Encore une fois, n’hésitez pas à aller dans l’incohérence psychologique la plus totale. Le héros devient de plus en plus doué dans son domaine grâce à l’amour de Sakumi ? Mais ses parents veulent les séparer et lui imposer un mariage sans amour comme ça euuuh… ce sera mieux. Bon ok, il va devenir mauvais et apportera la honte sur la famille mais hmm, comment dire hmm… c’est mieux quand même.

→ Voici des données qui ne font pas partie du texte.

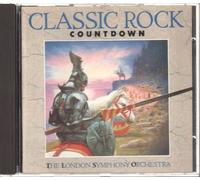 Classic Rock - Countdown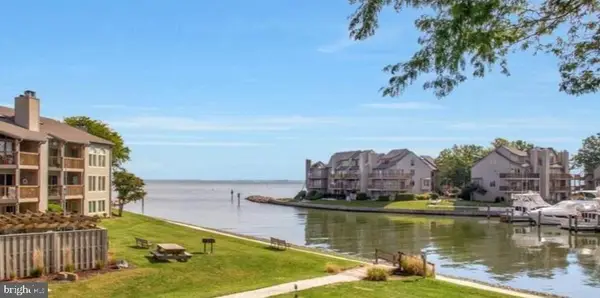 7010 Channel Village Ct #102, ANNAPOLIS, MD 21403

Bref. Les obstacles, réels ou imaginaires, sont innombrables et je ne pourrai tous les énumérer ici. N’oublie pas lecteur qu’il ne s’agit que d’un kit du shôjo facile et non du shôjo ultime. Je te donne quelques éléments grossiers et idées générales, il ne tient qu’à toi ensuite d’affiner ta construction et de la compléter. Tu as des pistes, tu as de quoi t’entraîner. Que la joie te submerge et puisses-tu avoir une pensée émue à mon égard quand tu signeras « fin » en bas de la dernière case.

Je vais pouvoir aller prendre mon bus pour me rendre au supermarché, c'est qu'il va être cinq heure, faudrait quand même pas que je rate l’heure de pointe.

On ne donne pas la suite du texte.